You are viewing a plain text version of this content. The canonical link for it is here.
Posted to java-user@lucene.apache.org by Lars-Erik Aabech <LE...@markedspartner.no> on 2012/12/10 11:31:58 UTC

Deciding how to use reader

Hi!

I'm using lucene.net, but I'm sure this question is not platform specific. :)
I've created an index for a website which uses a central database server and three front-end servers.
For now I've put the index and the building of the index on a fifth server which builds the index once an hour.
It uses a singleton with one directory and one writer for the lifetime of the application. (currently infinite)
I also created an http service which gets a reader from the writer and does the search.
The front-end servers get the search result via that service over a 1gb lan.
The problem is that this server has 100% cpu load quite often, and that affects the responsiveness of the service.
So I'm about to rewrite it so that the index is stored on a SAN available to all servers.
The front-end servers will then open their own singletons of directory and do the searches themselves.
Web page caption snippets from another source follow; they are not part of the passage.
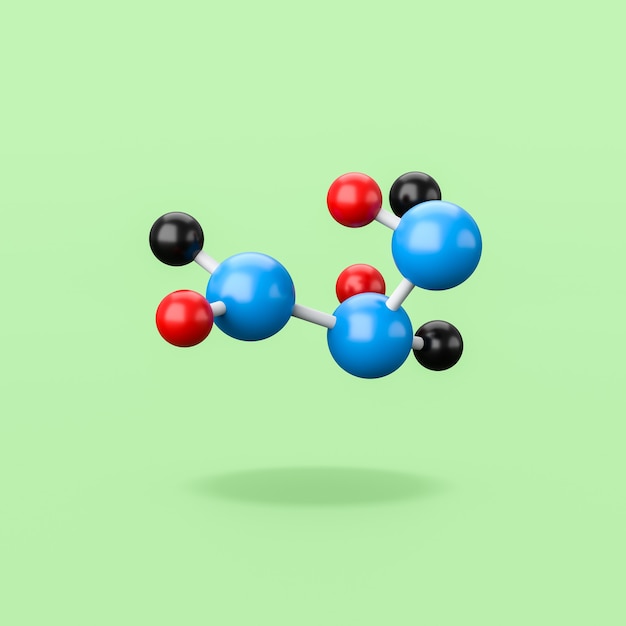 Molecuulvorm op groene achtergrond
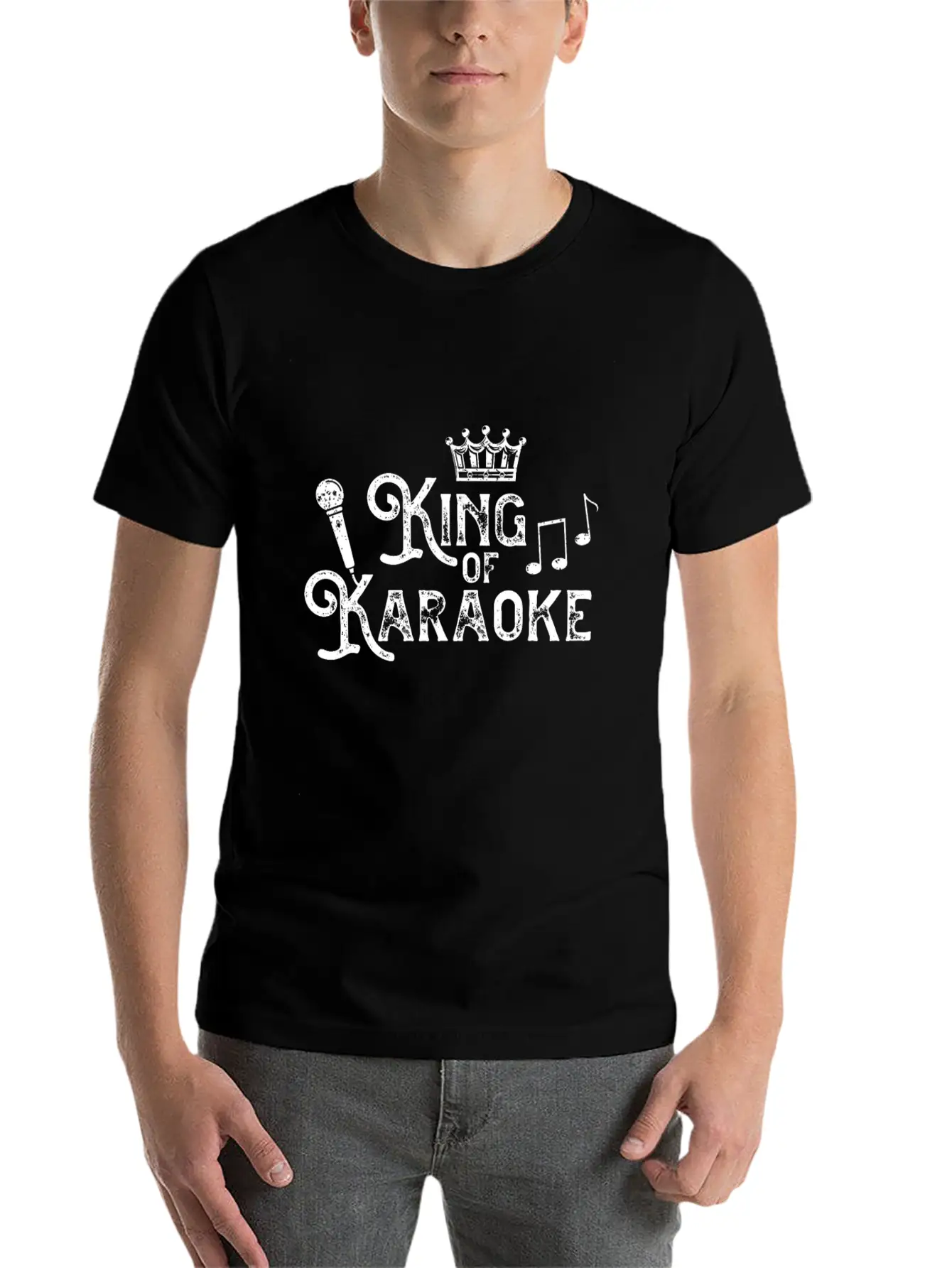 King Of Karaoke Singing Music Microphone Mic Gift Comfortable Minimalist Graphic Tee – Summer Style Essential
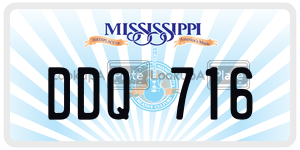 DDQ716  license plate in MS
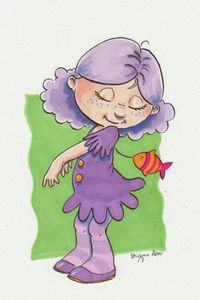 .. Poisson d'avril .. "Poisson d'avril et canne a pêche"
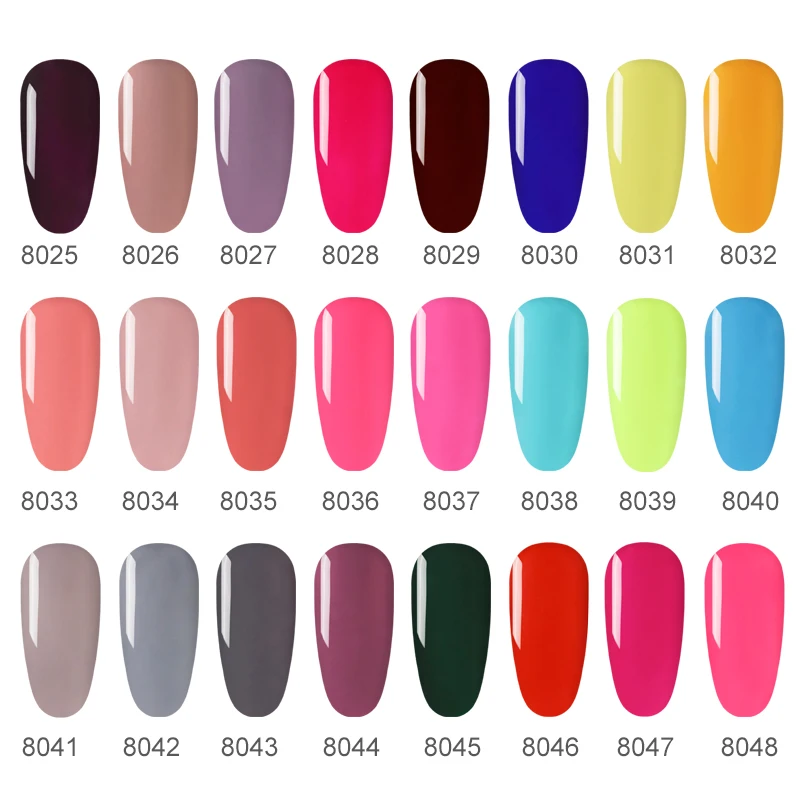 УФ гель для ногтей 8 мл полуперманентный Гель лак чистых цветов лампа маникюра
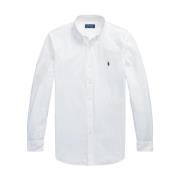 Lange mouw sportshirt wit Polo Ralph Lauren , White , Heren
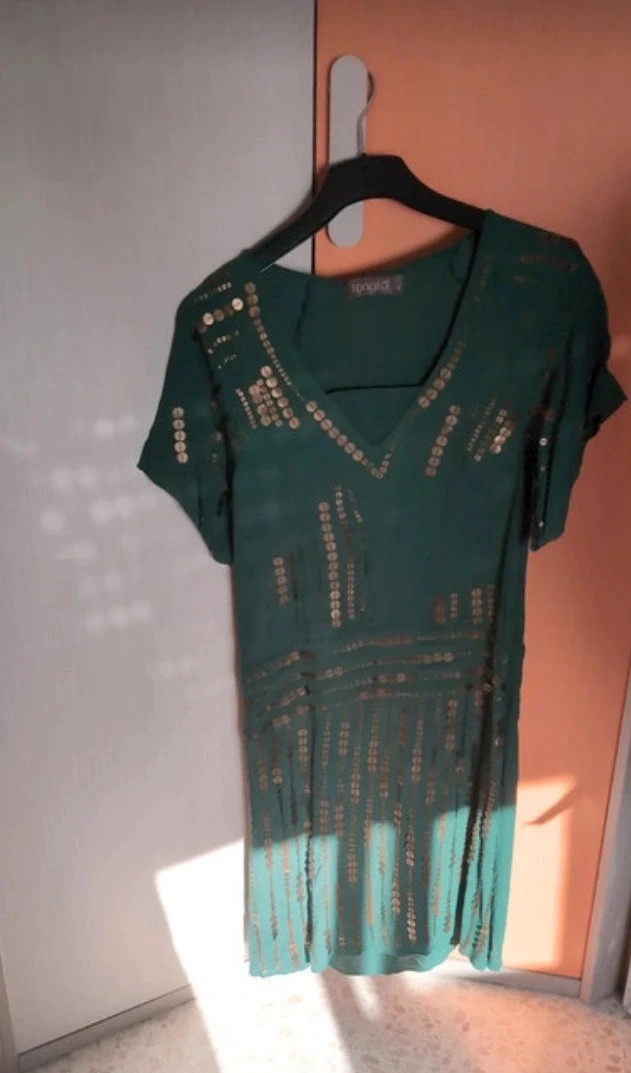 Vestido mujer verde oscuro talla S – Tonala – taille S / 36 / 8 2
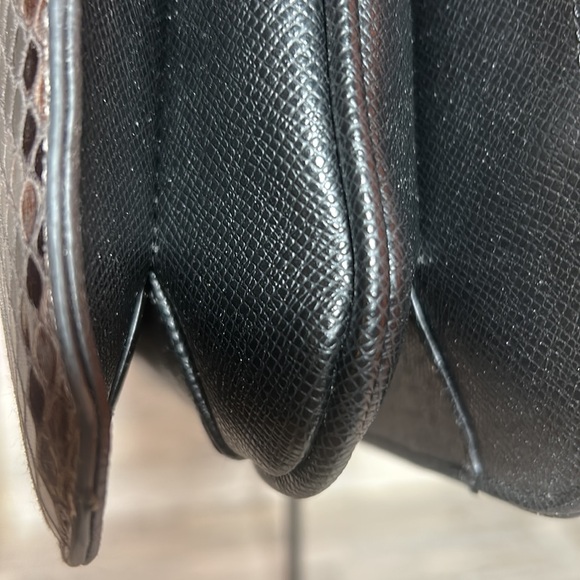 London Fog Faux Python tote EUC - Picture 7 of 17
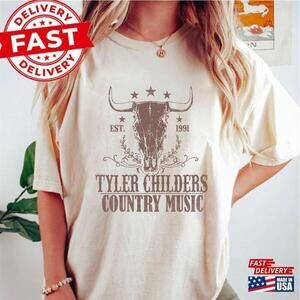 Retro Tyler Childers Est 1991 Country Music Fan T-Shirt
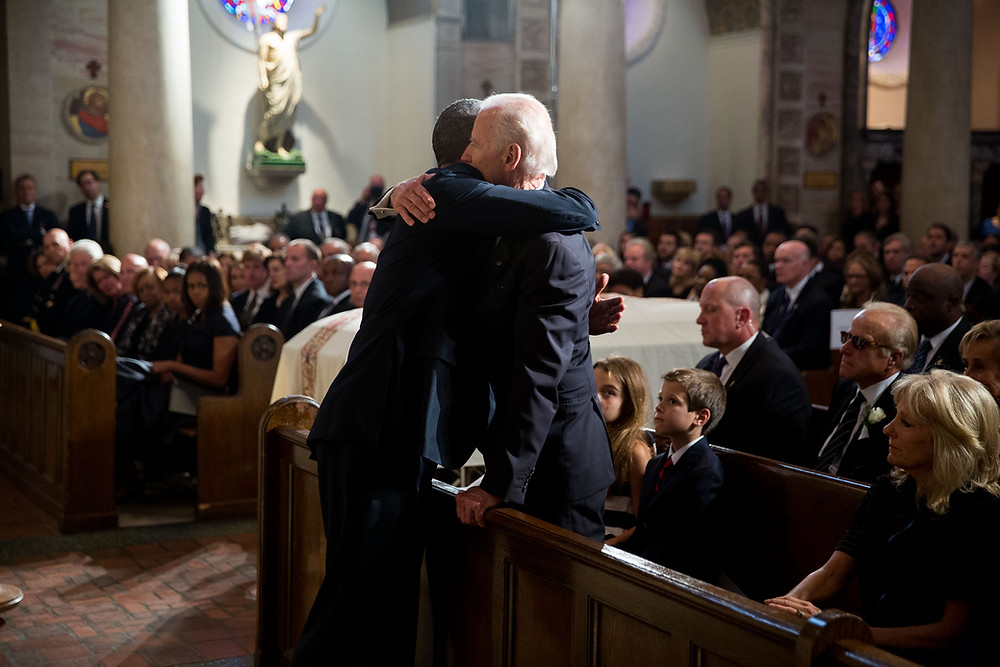Obama at Beau Biden's funeral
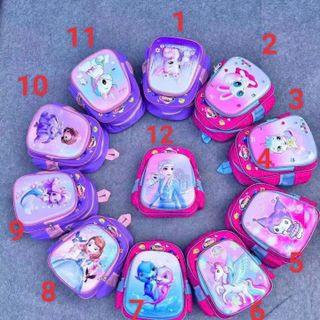 BA LÔ HOẠT HÌNH NHẸ NHÀNG, ÊM ÁI, SIÊU DỄ THƯƠNG CHO BÉ GÁI WH794 - WINNIE HOUSE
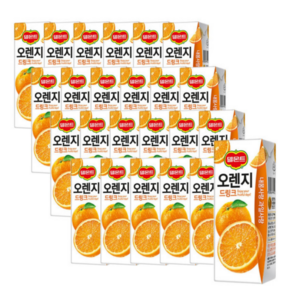 델몬트 드링크팩 오렌지, 190ml, 48개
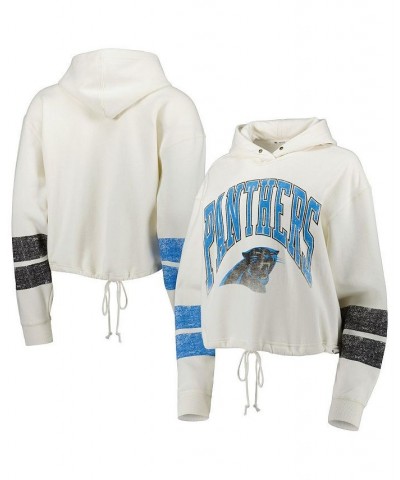 Women's Oatmeal Carolina Panthers Harper Pullover Hoodie Oatmeal $35.10 Sweatshirts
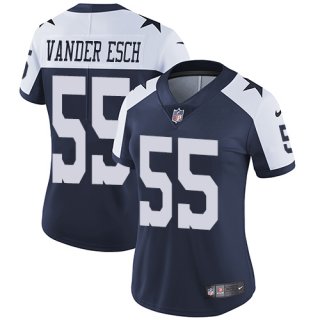 Dallas Cowboys #55 Leighton Vander Esch Navy Thanksgiving Limited Stitched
My question is as follows,
Given ~17,000 documents and ~120,000 terms, would you open and close a reader for each search,
or would you keep a singleton reader and re-open it say every hour?

mvh.
Lars-Erik Aabech
Faglig leder utvikling
MarkedsPartner AS
Mobil: +47 920 30 537


RE: Deciding how to use reader

Posted by Lars-Erik Aabech <LE...@markedspartner.no>.
Thanks again. Lucene.NET is supposed to be equally thread safe, so I'll give it a go.

L-E

-----Original Message-----
From: Ian Lea [mailto:ian.lea@gmail.com] 
Sent: 10. desember 2012 13:18
To: java-user@lucene.apache.org
Subject: Re: Deciding how to use reader

Certainly in java IndexReader is thread safe.  From the 4.0.0 javadocs "IndexReader instances are completely thread safe, meaning multiple threads can call any of its methods, concurrently".  I know nothing about Lucene.NET.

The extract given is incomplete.